En consecuencia, la fiesta cristiana no consiste en celebrar un aniversario ni en reactualizar hechos de antaño. Sería, por lo pronto, irreal, el pasado está muerto. Celebra, por el contrario, el presente de Dios y el nuestro, la obra de Dios ene l mundo y en nosotros. Sin embargo, nuestra liberación actual es fruto de lo que sucedió una vez, y a no ser por la obra de Cristo no existiría. Por eso, la fiesta cristiana, sin estar orientada hacia el pasado, lo incluye, su alegría es resplandor de la antigua victoria; tiene además un matiz peculiar, porque Cristo, el que murió y resucitó, está presente y activo en la comunidad de los creyentes.

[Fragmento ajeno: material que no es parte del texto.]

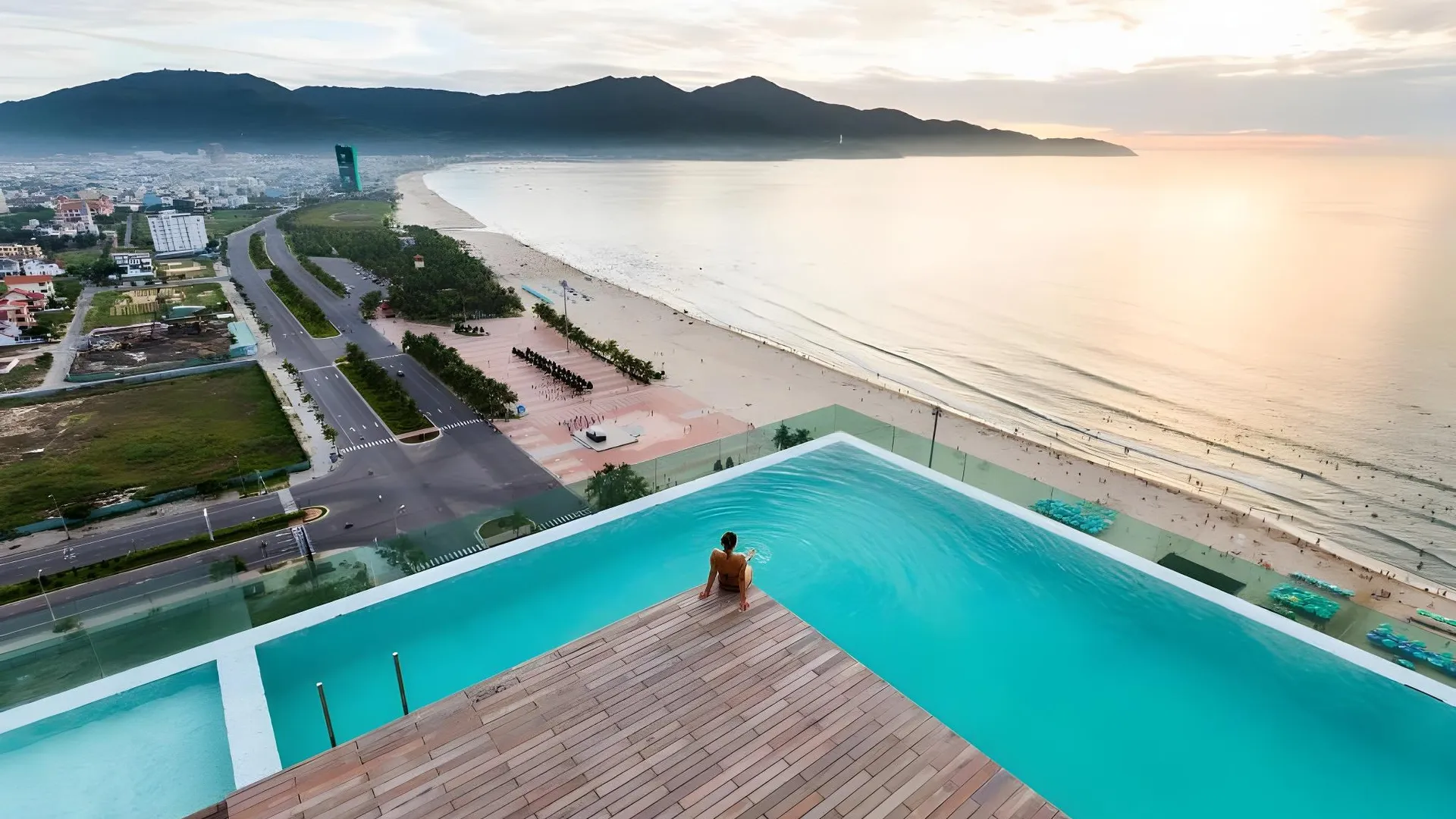 다낭 프억 미의 아파트먼트 (90m², 침실 2개, 프라이빗 욕실 2개) 5성급 싱글룸 로비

Expresa también la fiesta el anhelo confiado del futuro. Necesariamente, por ser la actualización momentánea del mundo más feliz a que se aspira. Su celebración del presente es, por tanto, también condicional; lo considera etapa, quizá gloriosa, pero itinerante, hacia la promesa total, embrión del mundo nuevo. Así sucede también en lo cristiano; la fiesta, gozo y anhelo, expresa en su alegría la tensión entre el "ya" y el "todavía no", como lo expresa san Pablo: "Pues con esta esperanza nos salvaron" (Rom 8,24).
El grupo cristiano percibe en la fiesta la unidad de la obra de la salvación, que se extiende en el tiempo, abrazando pasado, presente y futuro; su salud está centrada en Jesucristo "que es el mismo hoy que ayer, y será el mismo siempre" (Heb 13,8). "El se ofreció una sola vez para quitar los pecados de tantos; la segunda vez, ya sin relación con el pecado, se manifestará a los que lo aguardan, para salvarlos" (Heb 9,28). Pero al mismo tiempo actúa en el presente: "Después de ofrecer un sacrificio único por los pecados, se sentó para siempre a la derecha de Dios..., pues con una ofrenda única dejó transformados para siempre a los que va consagrando" (Heb 10,12-14). Se aprecia en estos textos el impacto en el presente del acto pasado, que va ejerciendo su eficacia sobre las generaciones sucesivas. La causalidad de Cristo, que vive para siempre, es incesante, en virtud del acto salvador que cumplió en un momento de la historia.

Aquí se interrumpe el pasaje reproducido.